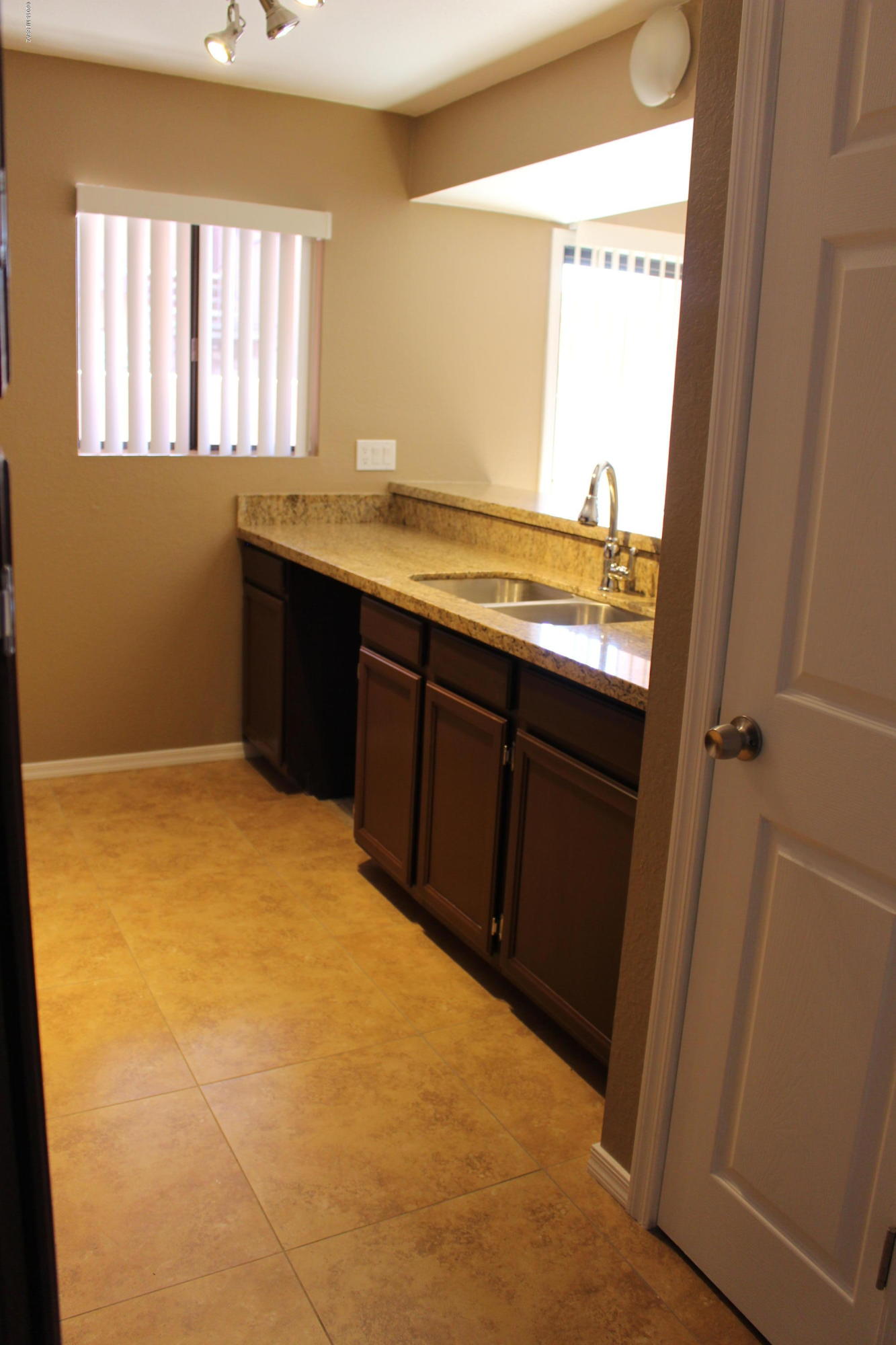 Woodland Place Condominiums (101-152, 201-252) - Residential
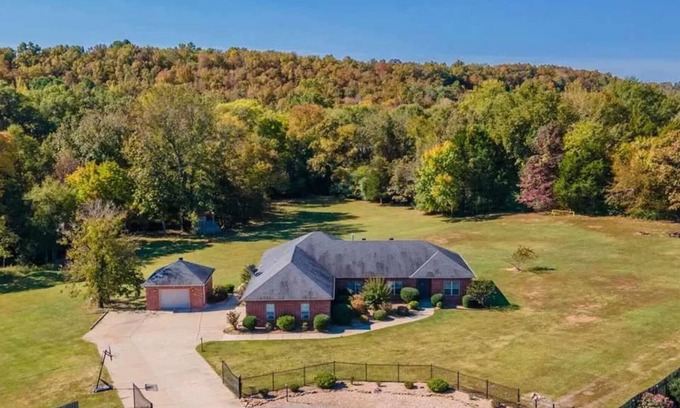 Greenbrier House | House on Large Property Near Dead Center of Total Solar Eclipse Pathway!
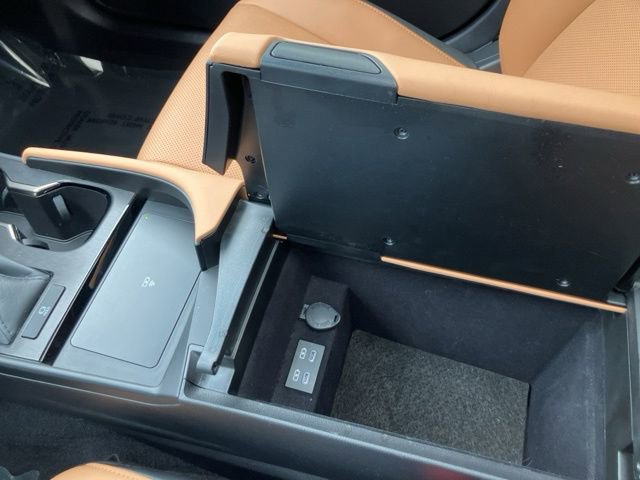 Certified 2024 Lexus ES 350 w/ Premium Package image 9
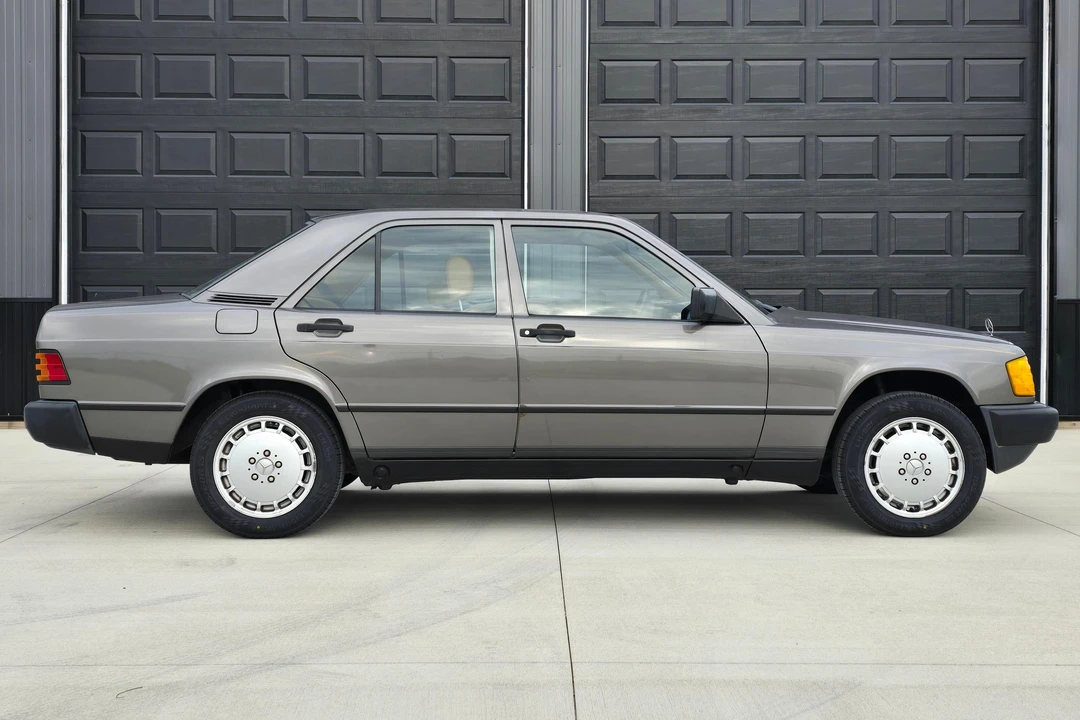 1985 Mercedes-Benz 190E - Image 3 of 31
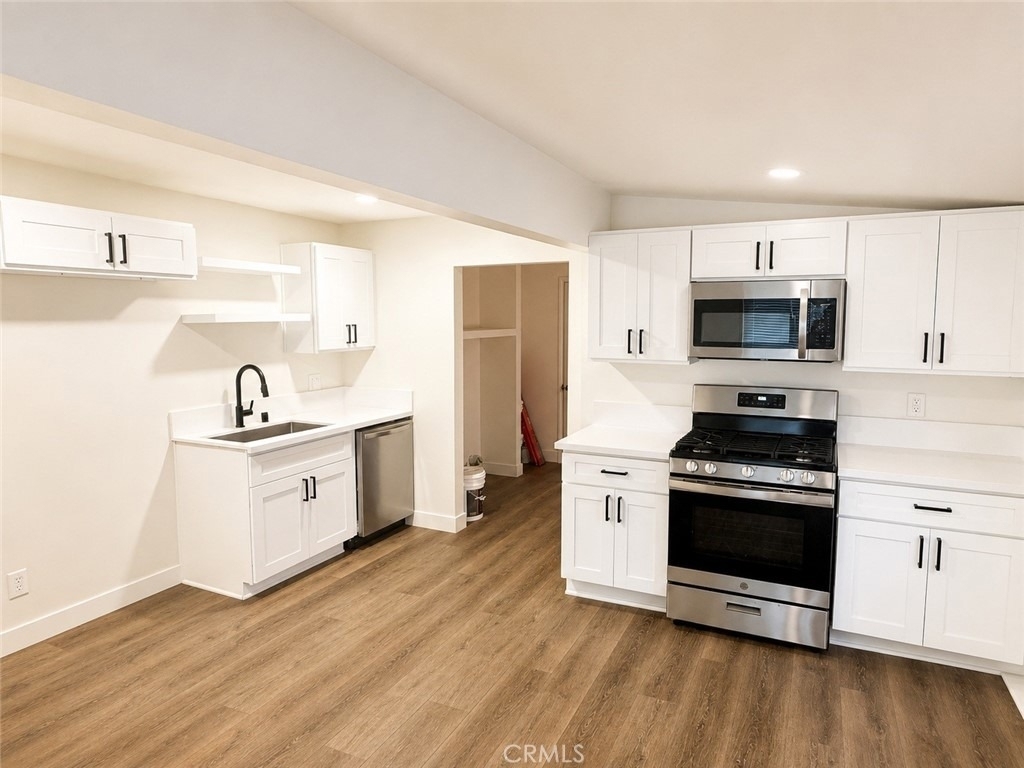11151 Duncan Avenue - Photo 7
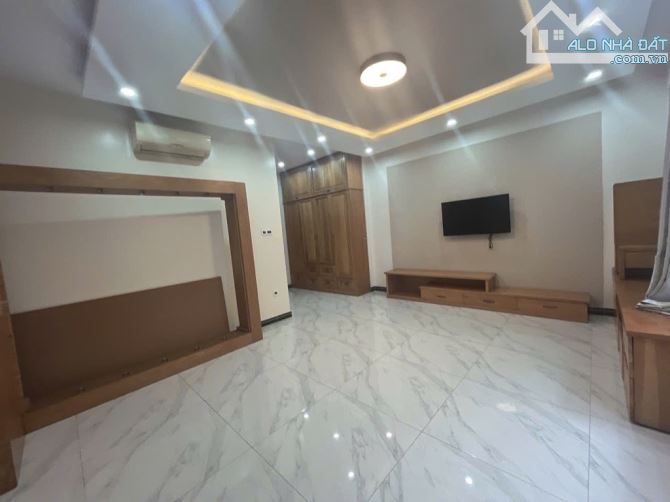 NHẢ ĐẸP NGAY CẦU VƯỢT CÂY GÕ - MINH PHỤNG - HẺM 8M THÔNG - 140M2 - 4 TẦNG - 4PN - GIÁ 22T - 1
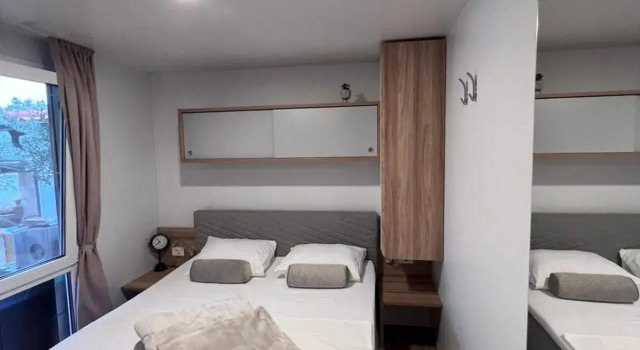 Mobile House F&L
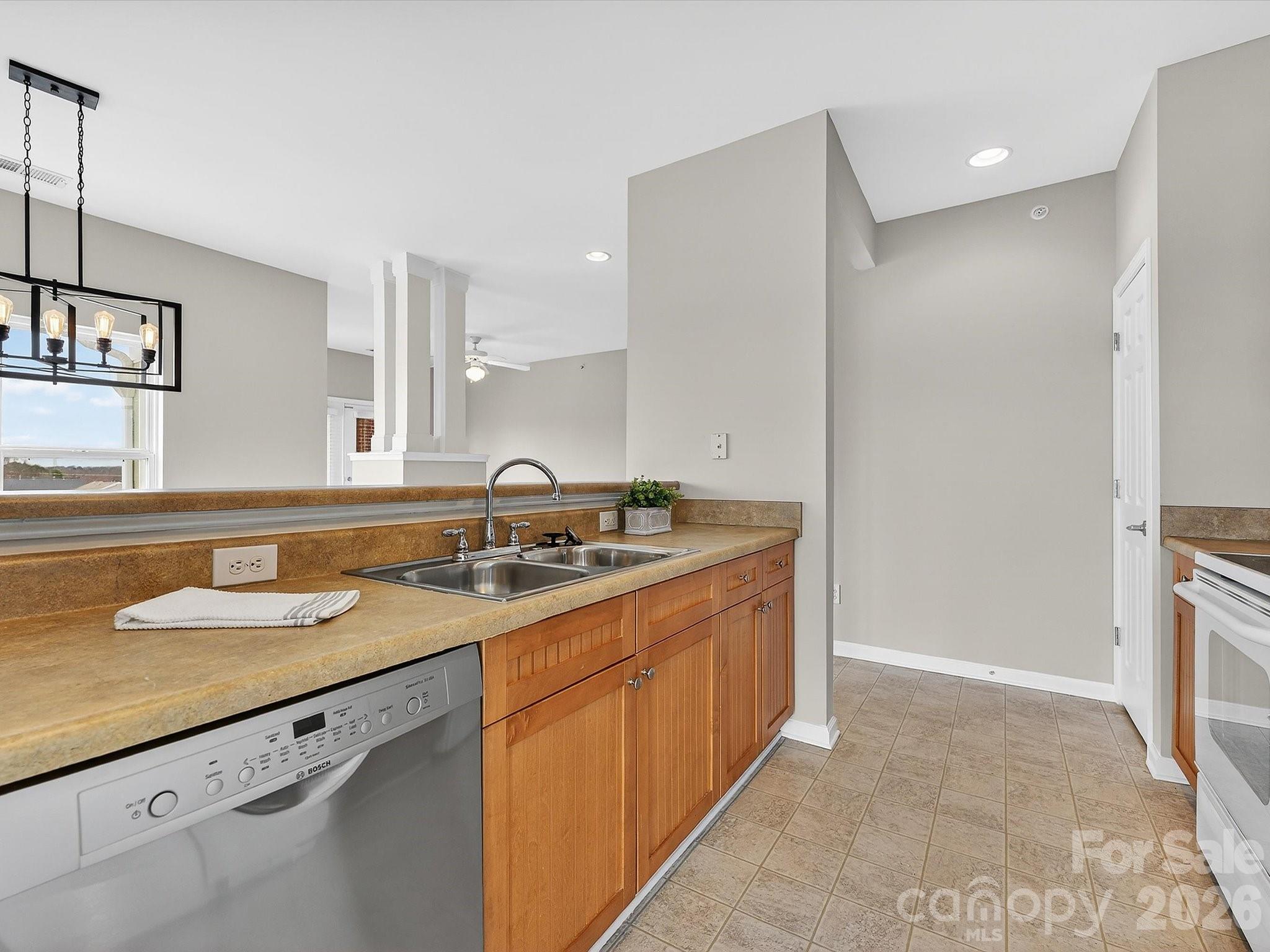 Condominium at 3805 Balsam Street, Indian Trail, photo 14 of 32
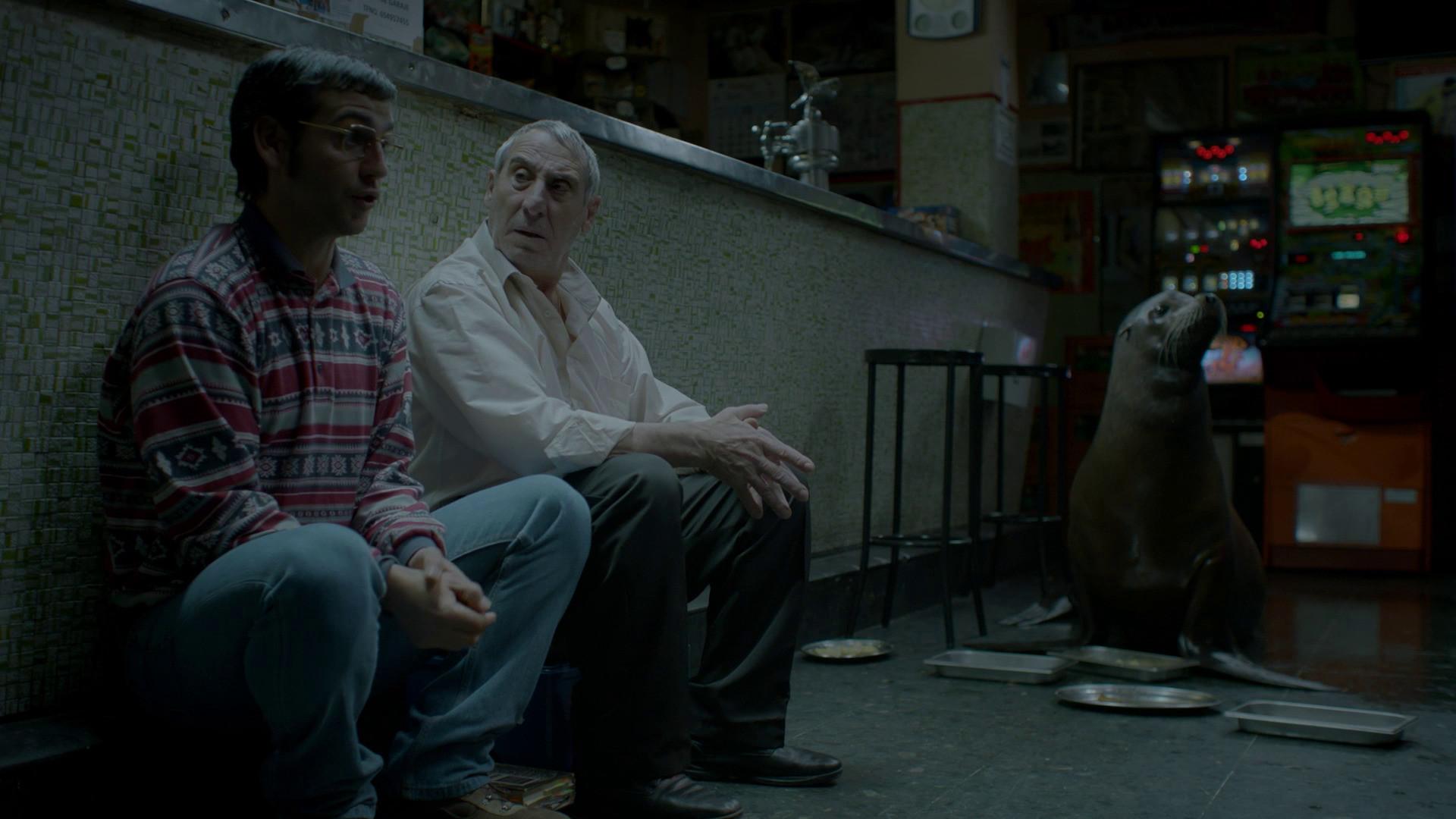 Eladio y la puerta interdimensional 2014 movie scene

+++

EXERCISE DETAILS: Reproduce exactly the lines that run from the line holding "Greenbrier House |" through the final line of the entries, and omit every picture.

EXERCISE RESULT:
 Greenbrier House | House on Large Property Near Dead Center of Total Solar Eclipse Pathway!
 Certified 2024 Lexus ES 350 w/ Premium Package image 9
 1985 Mercedes-Benz 190E - Image 3 of 31
11151 Duncan Avenue - Photo 7
 NHẢ ĐẸP NGAY CẦU VƯỢT CÂY GÕ - MINH PHỤNG - HẺM 8M THÔNG - 140M2 - 4 TẦNG - 4PN - GIÁ 22T - 1
 Mobile House F&L
 Condominium at 3805 Balsam Street, Indian Trail, photo 14 of 32
 Eladio y la puerta interdimensional 2014 movie scene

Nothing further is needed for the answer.